Incumbent monopolists won't command high premiums
if newcomers can rebuild capacity from scratch at a cheaper price.
At first glance, many of the nation's regional markets for wholesale electric generation appear monopolistic. In some of the 18 regional power markets we have identified, the leading companies account for 75 to 90 percent of the area's generating assets. In other markets, where the concentration problem does not yet seem as pressing, mergers and acquisitions threaten to raise levels of concentration of ownership in generation.
State regulators have not lost sight of these facts. They do not appear fully satisfied by attempts at the Federal Energy Regulatory Commission (FERC) in Order 888 to mitigate market power in transmission, and its affect in electric commodity markets, even though wholesale deregulation is already fairly advanced and blatant signs of market power are rarely seen, even in markets that show a high degree of concentration. California, for example, has required electric utilities to sell 50 percent of their fossil generation as part of the golden state's restructuring plan.
Perhaps regulators see the current situation (few concrete examples of market manipulation) as a temporary phenomenon. Today, few buyers can participate in the wholesale market; enough sellers can usually be found to create competition. But once retail customers can choose power supply directly and independently, regulators might see a huge demand chasing a dearth of suppliers.
When private companies asked us to factor monopoly power into market assessments, we sought economic approaches that avoid pinning the answer in whole or in part on regulatory and legislative action, which can prove difficult to predict and which can vary among states and regions, or among state and federal jurisdictions.
Thus, we have taken a practical angle: How bad can it be? How high would prices climb (long-run, wholesale prices) without any regulatory action in the generating sector?

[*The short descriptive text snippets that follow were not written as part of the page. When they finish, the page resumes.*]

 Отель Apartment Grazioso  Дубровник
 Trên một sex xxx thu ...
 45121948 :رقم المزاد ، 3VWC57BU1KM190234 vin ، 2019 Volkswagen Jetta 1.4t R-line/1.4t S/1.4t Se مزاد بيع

Our analysis focuses on the economic incentives and cost barriers that affect the behavior of incumbents and market entry by newcomers.
We have developed an approach for estimating limits on monopoly prices1 and have found very little potential for higher monopoly prices to prevail. In fact, we have found that the cost of rebuilding the entire generation system (em a key factor constraining monopolistic behavior by incumbents (em is actually lower (by about 15 percent) than the predicted long-run, wholesale equilibrium price in a largely competitive generation market. This paradox occurs largely because of the low current cost of building gas-fired generation. Stated in a different way, incumbent power producers cannot likely sustain any price level for more than one to three years that would be a significant monopoly premium above long-run competitive levels, even if deregulation adopts a laissez-faire attitude toward concentration in generating markets.
This conclusion assumes that new natural gas-fired plants can be built (i.e., permitting, financing and operation is feasible), and that the FERC eliminates transmission market power, as promised by Order 888. This conclusion remains less sensitive than one might expect to assumptions about natural gas prices and the willingness of customers to sign long-term contracts with power producers.
The Effective Price Ceiling
Market power has limits, even when let loose by deregulation.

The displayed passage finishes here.